Exercise prompt
In the material below, find the line with "Money target composition" and the line with "Fall in Love", then output those two lines and every line between them, exactly.

Available data

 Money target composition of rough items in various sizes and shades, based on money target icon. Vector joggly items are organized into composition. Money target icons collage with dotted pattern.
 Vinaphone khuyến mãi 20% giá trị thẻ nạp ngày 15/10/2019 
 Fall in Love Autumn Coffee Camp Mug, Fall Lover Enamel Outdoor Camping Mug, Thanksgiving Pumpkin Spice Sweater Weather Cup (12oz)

--

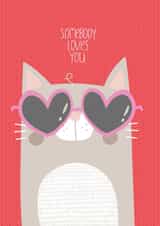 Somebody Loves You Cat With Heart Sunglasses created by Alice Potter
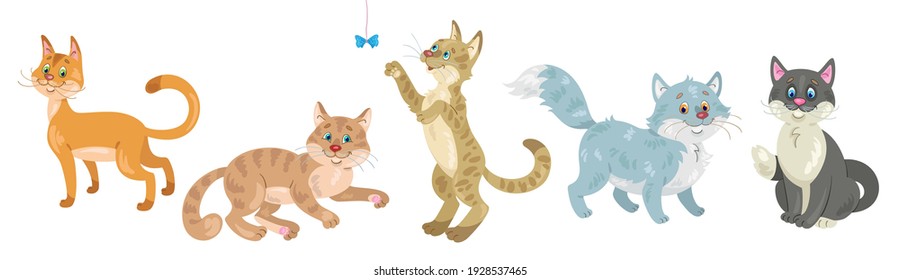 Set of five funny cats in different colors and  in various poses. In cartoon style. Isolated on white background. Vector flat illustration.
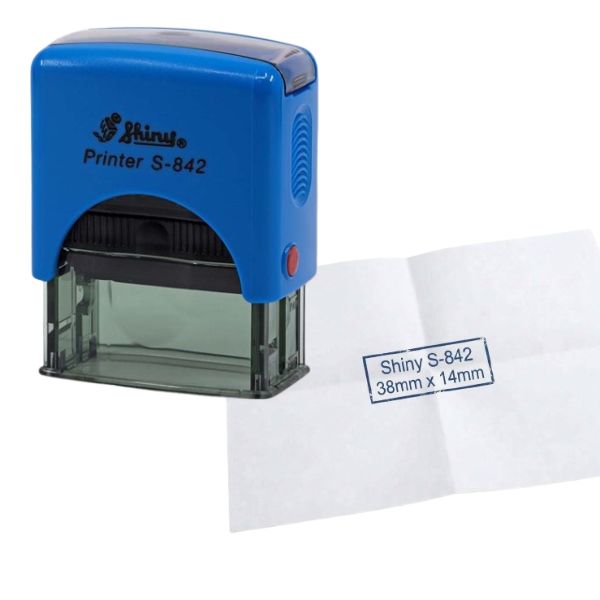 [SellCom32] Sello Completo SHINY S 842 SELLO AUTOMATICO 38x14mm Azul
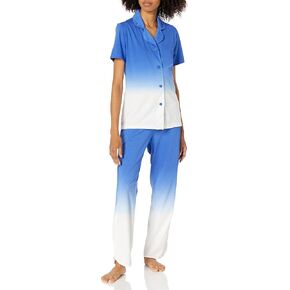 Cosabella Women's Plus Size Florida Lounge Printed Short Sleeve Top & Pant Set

Problem solution
 Money target composition of rough items in various sizes and shades, based on money target icon. Vector joggly items are organized into composition. Money target icons collage with dotted pattern.
 Vinaphone khuyến mãi 20% giá trị thẻ nạp ngày 15/10/2019 
 Fall in Love Autumn Coffee Camp Mug, Fall Lover Enamel Outdoor Camping Mug, Thanksgiving Pumpkin Spice Sweater Weather Cup (12oz)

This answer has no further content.